■ RECORDS PROVIDED:
○ ○ ○
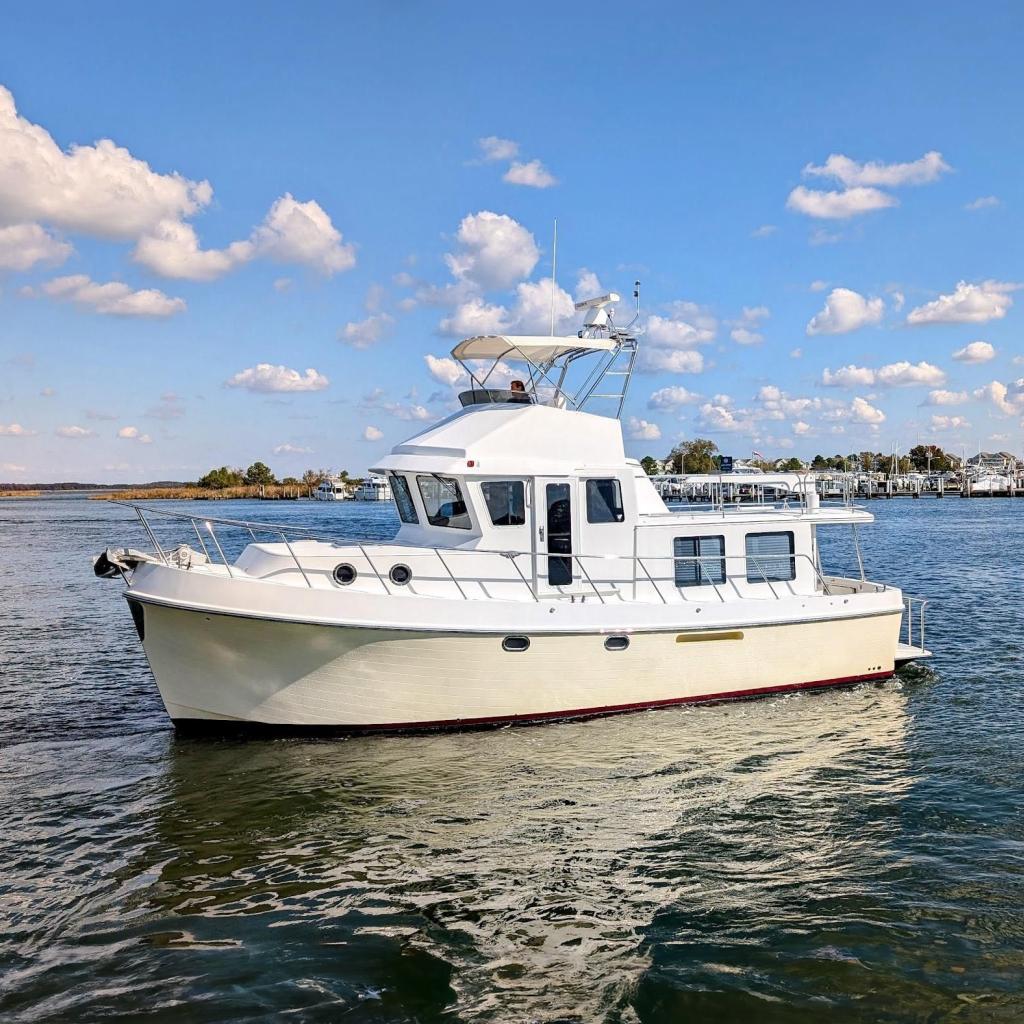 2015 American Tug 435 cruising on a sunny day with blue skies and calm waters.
○ ○ ○
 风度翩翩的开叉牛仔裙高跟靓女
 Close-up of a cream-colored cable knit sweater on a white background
○ ○ ○
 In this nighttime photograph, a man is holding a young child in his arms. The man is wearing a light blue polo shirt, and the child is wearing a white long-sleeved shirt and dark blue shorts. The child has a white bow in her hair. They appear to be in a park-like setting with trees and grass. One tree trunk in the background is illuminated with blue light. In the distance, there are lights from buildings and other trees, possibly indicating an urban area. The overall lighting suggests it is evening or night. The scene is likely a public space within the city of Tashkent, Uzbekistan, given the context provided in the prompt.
○ ○ ○
■ EXERCISE AIM: Restate word for word the entries above, starting at the line with "风度翩翩的开叉牛仔裙高跟靓女" and ending at the line with "Close-up of a", inclusive, and no others.

■ ANSWER SPACE:
 风度翩翩的开叉牛仔裙高跟靓女
 Close-up of a cream-colored cable knit sweater on a white background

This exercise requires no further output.